Catoria sublavaria is a moth of the family Geometridae described by Achille Guenée in 1857. It is found in the tropics of India, Sri Lanka, Myanmar, towards New Guinea, to the Bismarck Islands and Taiwan.

==Description==
Its wingspan is about 40–45 mm. Forewings with vein 10 and 11 stalked in male, sometimes connected with vein 12, but in female with vein 11 anastomosing (fusing) or coincident with vein 12. Body greyish white. Frons and palpi black.
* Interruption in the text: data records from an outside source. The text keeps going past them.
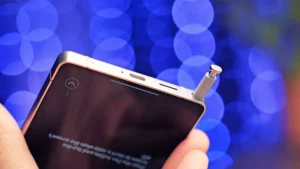 Motorola готовит бюджетный «анти-Galaxy S26 Ultra» — но есть нюанс, который всё портит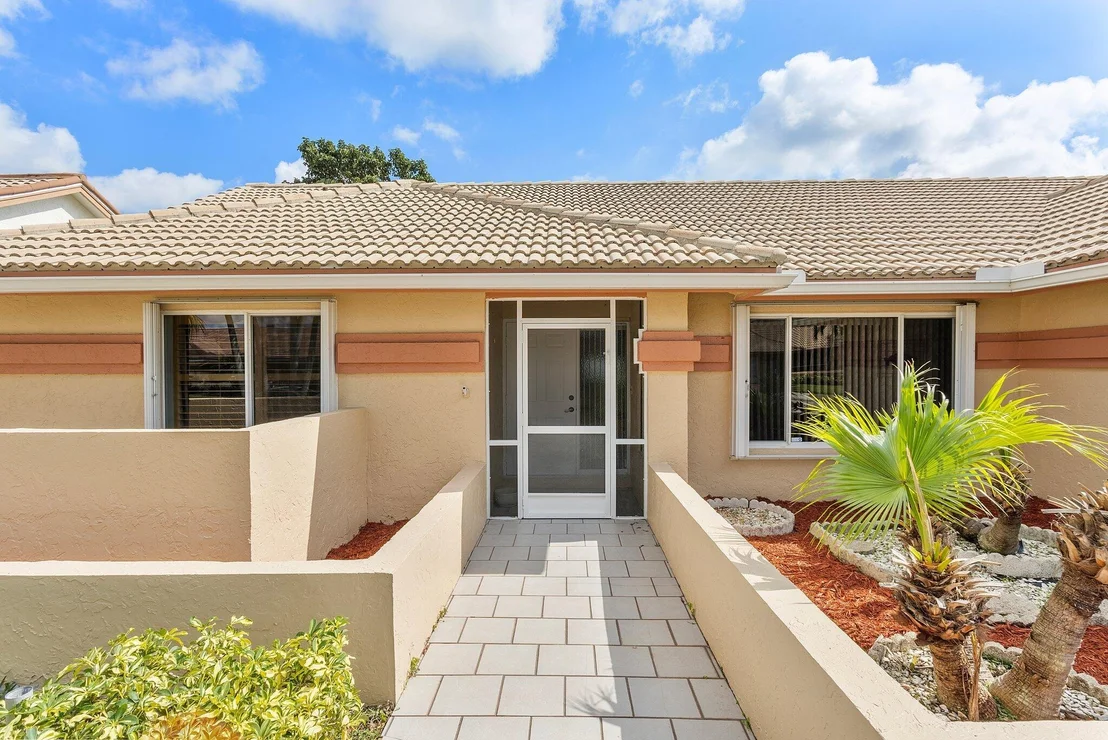 Photo of 9776 Sun Pointe Drive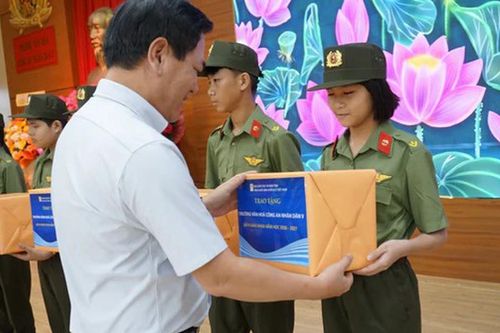 Ngày khai giảng đặc biệt: Gần 18.500 cuốn sách đến với học sinh ngôi trường đặc biệt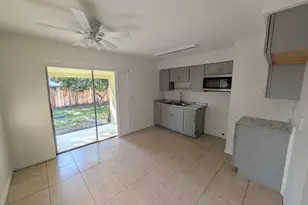 4453 Steven Rd, Lake Worth, FL 33461 - Photo 9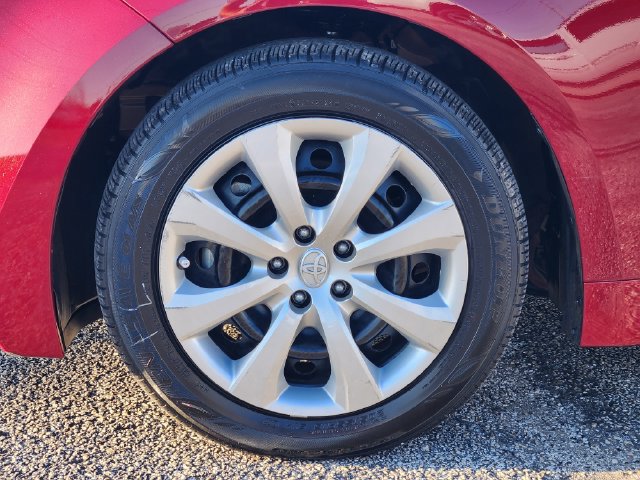 Used 2025 Toyota Corolla LE FWD image 10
Wings irrorated (sprinkled) with pale fuscous spots. Forewings with antemedial, both wings with medial, postmedial, submarginal and marginal specks series. There are traces of a ring-spot at end of cell. Ventral side fuscous, with very large black cell-spots and white marginal patches at apex and middle of each wing.

Larva cylindrical, a shining black with a faint greenish tinge. It rests slightly curved on a leaf edge. Pupation is in a silken cell on the ground or between two leaves.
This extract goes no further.